Pressed: height pointer swings to a known pre-set altitude (confidence check)
Turned: selects the reference Low Altitude Index (decision height marker)
Low Height Warning
Warning light illuminates if the aircraft flies below the pre-selected height. An alert tone sounds with increasing loudness from approximately 100 ft above the decision height setting, then ceases suddenly at the DH.
5. EFIS Indicators
Boeing Style — EFIS Display
Fig 20.3 — EFIS Indicator, Boeing style. Source p.266
Boeing digital/analogue display behaviour:
Above 1000 ft: digital read-out only (white)
Below 1000 ft: pictorial altimeter dial drawn alongside digital read-out; icon shrinks in size as height decreases
As DH is approached: colour changes from white → flashing amber
Additionally, the Radio Altimeter desensitises the autopilot and flight director response to the ILS glidepath in the latter stages of an approach.
Airbus Style — EFIS Display
Fig 20.4/20.5 — EFIS Indicator, Airbus style (A300).
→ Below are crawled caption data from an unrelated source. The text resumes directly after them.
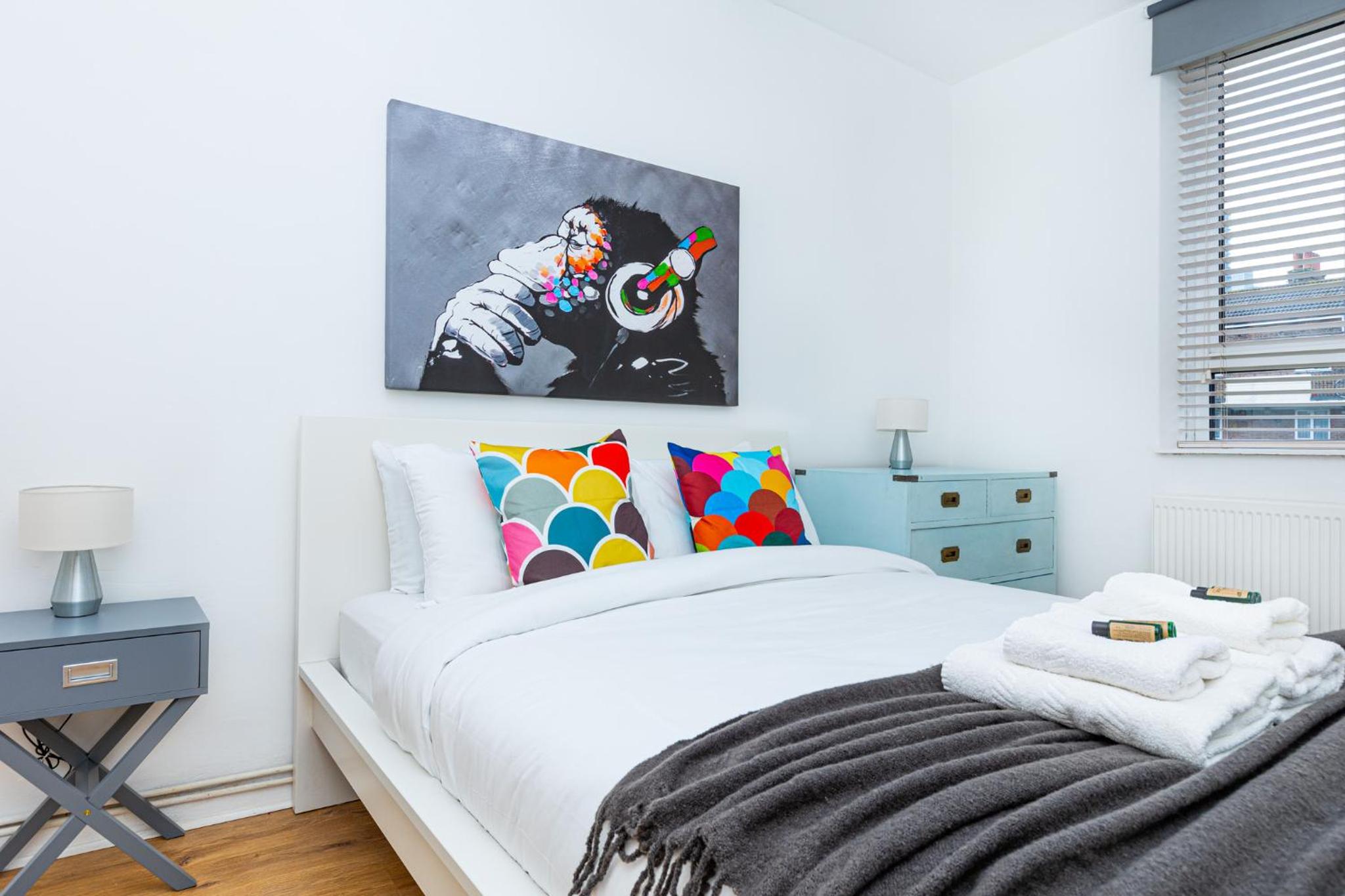 One-Bedroom Apartment photo 2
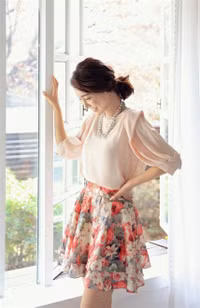 Áo, váy hoa làm duyên thêm cô nàng công sở ảnh 10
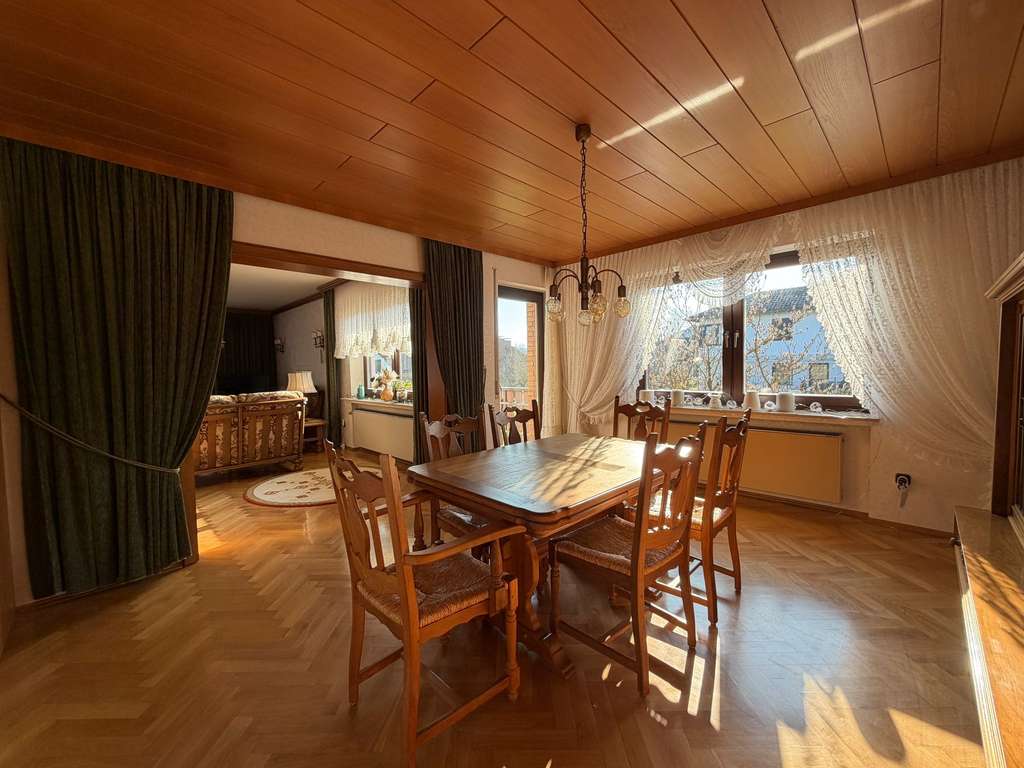 Immobilie in Hofgeismar - Zwei- bis Dreifamilienhaus in Hofgeismars exklusivster Lage - Bild 1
Source p.267
Airbus (A300 style):
Height indication at the base of the EADI/PFD attitude display
Above DH: green numbers
Below DH: amber, slightly bigger numbers
Enhanced by a voice warning system giving aural height callouts at significant heights (as agreed by manufacturer and airline)
6. Range and Accuracy
Radio Altimeter Performance:
Range: 0 to 2500 ft AGL
Overall accuracy: ± 3% of indicated height OR ± 1 ft — whichever is the greater
Error contributors: Doppler shift, step error in digital counting circuits, height lag
The radio altimeter must indicate zero height AGL as the main wheels touch down. In practice, the design target is ±1 ft accuracy.
Two sources of installation offset that must be compensated:
Residual Height — height difference between the antennas on the fuselage and the bottom of the trailing main wheels on the approach to touchdown. Varies with aircraft weight and oleo compression.
Cable run length — distance between avionics bay and antenna on the underside of the fuselage. On a B747 this may be up to 100 ft of cable; on a small corporate jet as little as 6 ft. Compensation is applied × 2 (Tx to antenna AND Rx from antenna).
Why the RA may read negative on the ground: The equipment is calibrated to read zero when the main wheels first touch the runway (trailing wheel attitude). When parked level on the ground, the antenna is below its calibrated position relative to the landing attitude — so the RA may show a small negative altitude. The B747, with its multi-wheel trailing assembly, typically reads −8 ft on the ground.
8. Key Facts Summary
Parameter
Value
Modulation type
FMCW (Frequency Modulated Continuous Wave)
Frequency (current)
4200–4400 MHz (SHF band)
Frequency sweep
±50 MHz, 300 sweeps/second
Transmission power
~1 watt
Operating range
0–2500 ft AGL
Accuracy
±3% or ±1 ft (whichever greater)
Beam coverage
±30° pitch, ±60° roll
Mask activation
Above 2500 ft, fault, or switched off
Scale type
Logarithmic (0–500 ft expanded, 500–2500 ft non-linear)
B747 on-ground reading
Typically −8 ft
Key system it supports
GPWS, Autoland (ILS/MLS), EFIS
Important connection: The Radio Altimeter is a major component of GPWS. It provides the crucial height AGL and rate-of-change-of-height inputs that GPWS needs to generate terrain proximity warnings.